→ **Work to be completed**: Take the line that holds "Lenco HPB-110 - Kopfhörer" and every line after it to the end of the entries, and repeat them exactly without the pictures.
+ + + + + + +
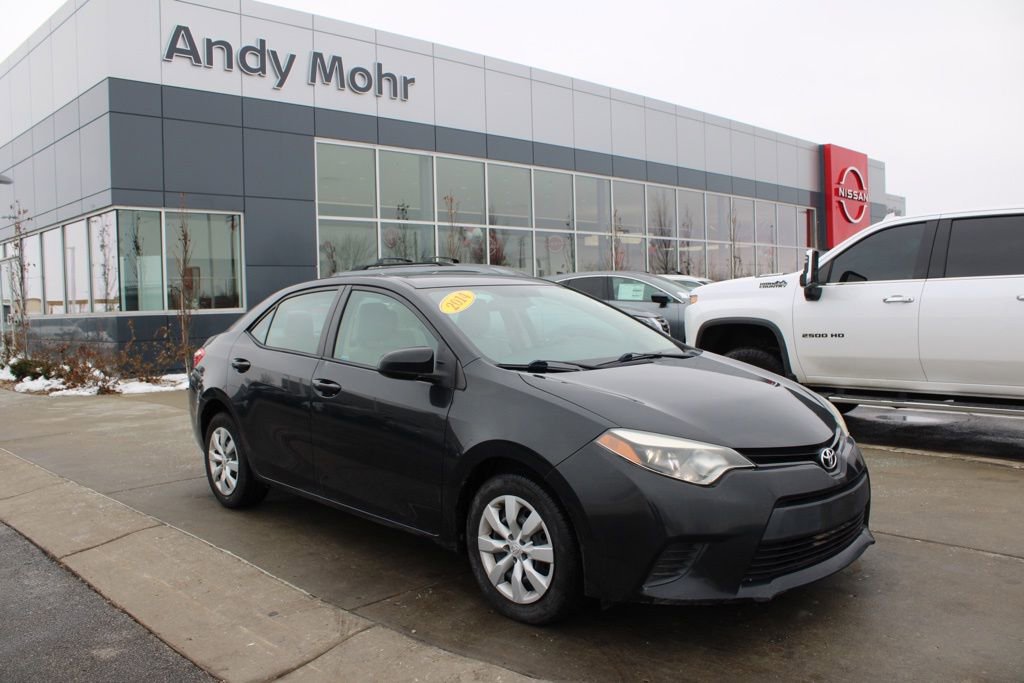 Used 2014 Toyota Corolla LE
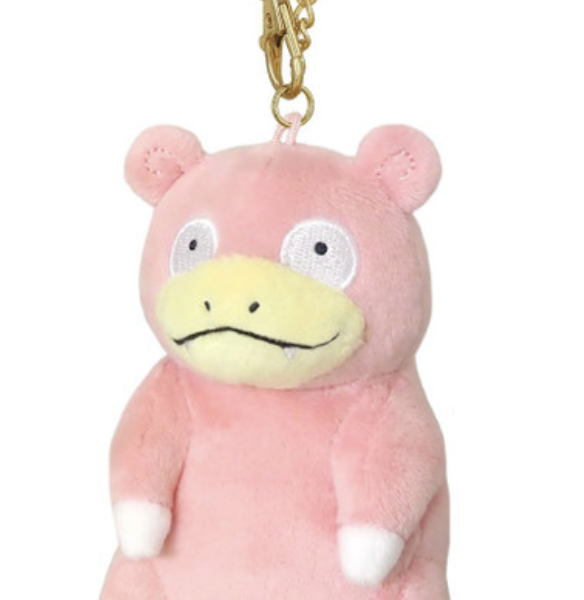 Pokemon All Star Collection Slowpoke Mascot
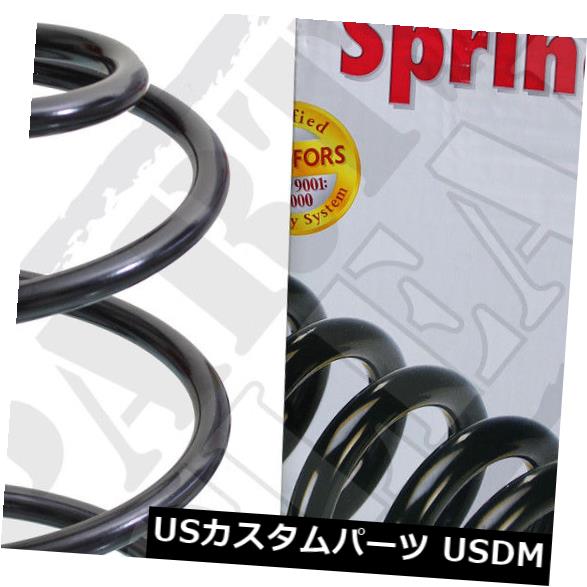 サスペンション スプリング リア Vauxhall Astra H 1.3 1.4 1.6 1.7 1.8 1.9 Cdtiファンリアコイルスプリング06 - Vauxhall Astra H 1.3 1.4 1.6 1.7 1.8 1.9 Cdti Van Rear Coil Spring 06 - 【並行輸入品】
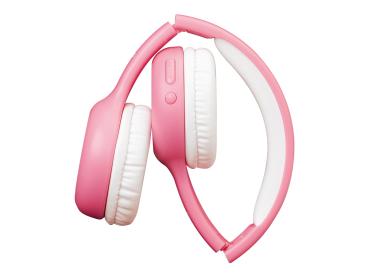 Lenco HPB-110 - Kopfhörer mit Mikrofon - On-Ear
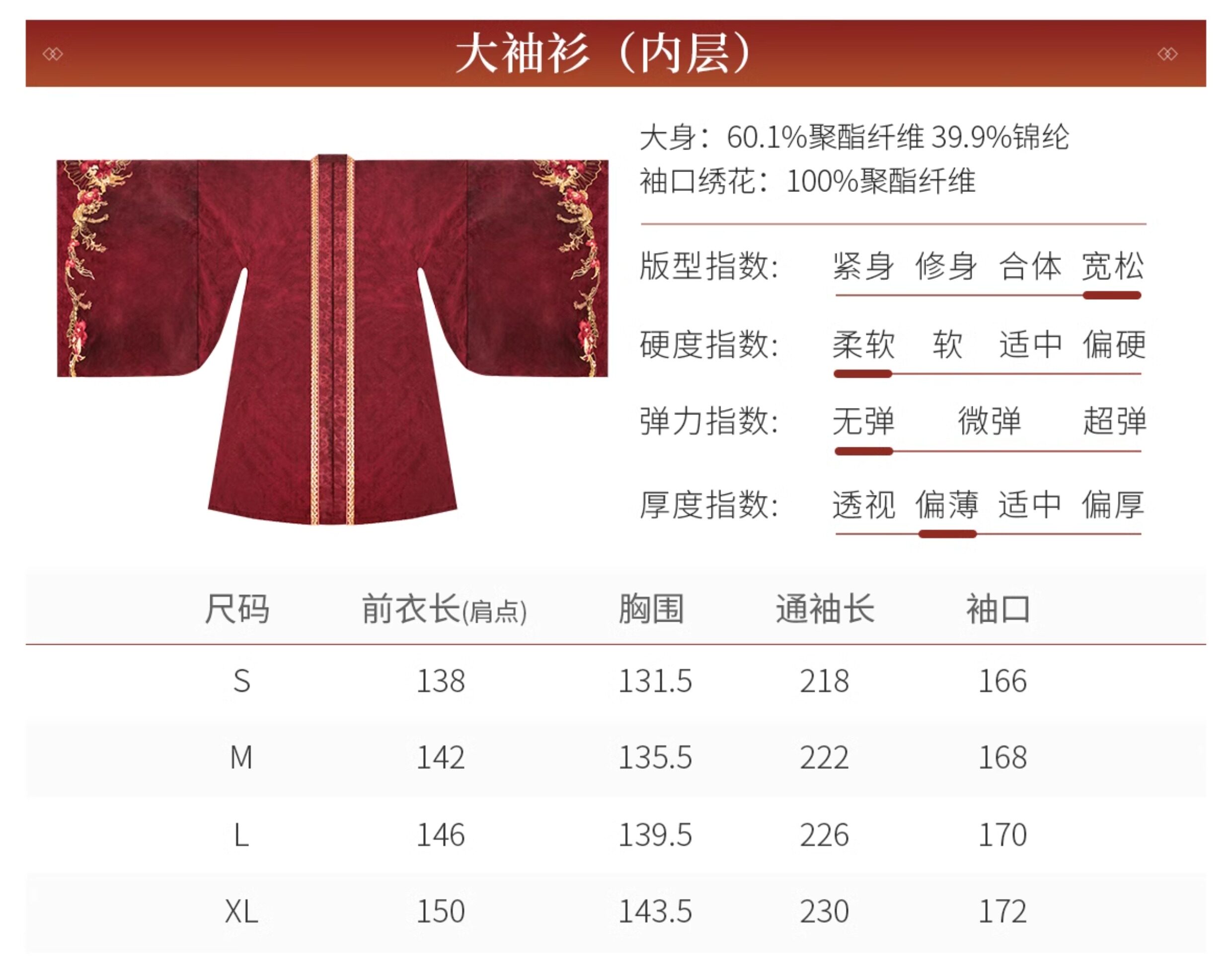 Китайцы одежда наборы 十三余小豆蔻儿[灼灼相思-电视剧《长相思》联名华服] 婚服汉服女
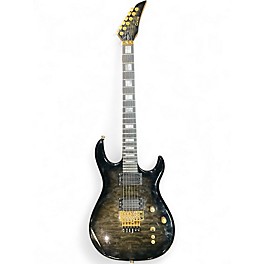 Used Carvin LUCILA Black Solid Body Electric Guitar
+ + + + + + +
→ **Answer space**:
 Lenco HPB-110 - Kopfhörer mit Mikrofon - On-Ear
 Китайцы одежда наборы 十三余小豆蔻儿[灼灼相思-电视剧《长相思》联名华服] 婚服汉服女
 Used Carvin LUCILA Black Solid Body Electric Guitar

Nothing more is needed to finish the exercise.